# Spanning sets and polynomials.

• -Dragoon-

## Homework Statement

Do the polynomials $t^{3} + 2t + 1,t^{2} - t + 2, t^{3} +2, -t^{3} + t^{2} - 5t + 2$ span $P_{3}$?

N/A

## The Attempt at a Solution

My attempt: let $at^{3} + bt^{2} + ct + d$ be an arbitrary vector in $P_{3}$, then:
$c_{1}(t^{3} + 2t + 1) + c_{2}(t^{2} - t + 2) + c_{3}(t^{3} +2) + c_{4}(-t^{3} + t^{2} - 5t + 2) = at^{3} + bt^{2} + ct + d$

$c_{1} + c_{3} - c_{4} = a$
$c_{2} + c_{4} = b$
$2c_{1} - c_{2} - 5c_{4} = c$
$c_{1} + 2c_{2} + 2c_{3} + 2c_{4} = d$
Which becomes the augmented matrix:
$\left[\begin{array}{cccc|c}1&0&1&-1&a\\0&1&0&1&b\\2&-1&0&-5&c\\1&2&2&2&d\end{array}\right]$
Row reducing it, I come to the matrix:
$\left[\begin{array}{cccc|c}1&0&1&-1&a\\0&1&0&1&b\\0&0&1&1&d-a-2b\\0&0&0&0&c-4a-3b+2d\end{array}\right]$

Although the book did a different last row operation in the solution, I came to the same conclusion as they did except they had -2 in the 3x3 and 3x4 position rather than 1 as in my solution. Anyways, the book concludes the system is inconsistent regardless of specific values chosen for a, b, c, and d.
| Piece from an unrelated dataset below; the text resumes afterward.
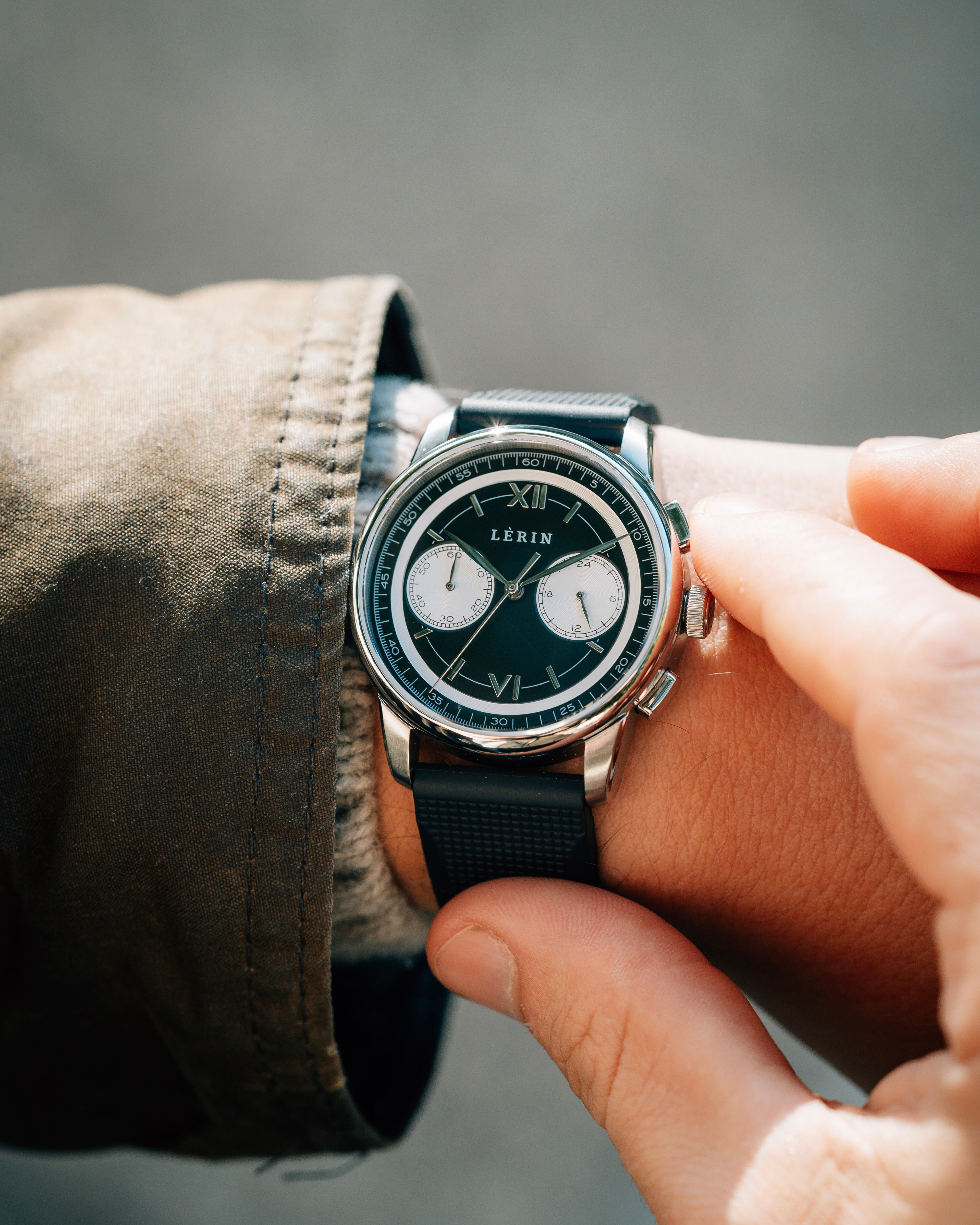 Hybrid Chronograph Limited Edition - Obsidian Black – LÈRIN Watches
But, wouldn't the system be consistent if a = b = c = d = 0? Then the fourth row would be [ 0 0 0 0 | 0], correct?

The point is that for any vector you should be able to come up with a linear combination of the coefficients to generate it.
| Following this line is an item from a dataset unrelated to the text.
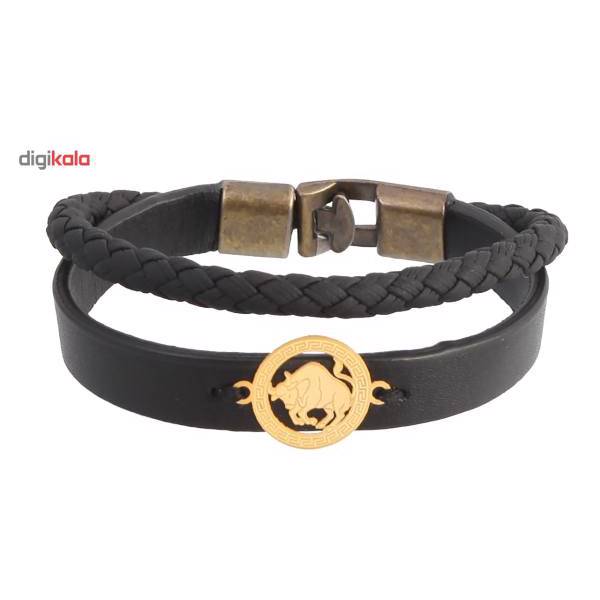دستبند طلا 18 عیار کابوک نماد ماه اردیبهشت کد 175021، Kabook 175021 Gold Bracelet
Here, your coefficient matrix reduces to a rank 3 matrix, so your 4 vectors span a 3 dimensional space in P3. P3 is a 4 dimensional vector space and so there are definitely some vectors which you won't be able to generate.

Using an augmented matrix to figure out which vectors are spanned by your set is fine, but given the question "do the vectors span P3" you just need to see that the coefficient matrix is not rank 4 and therefore the set doesn't span P3.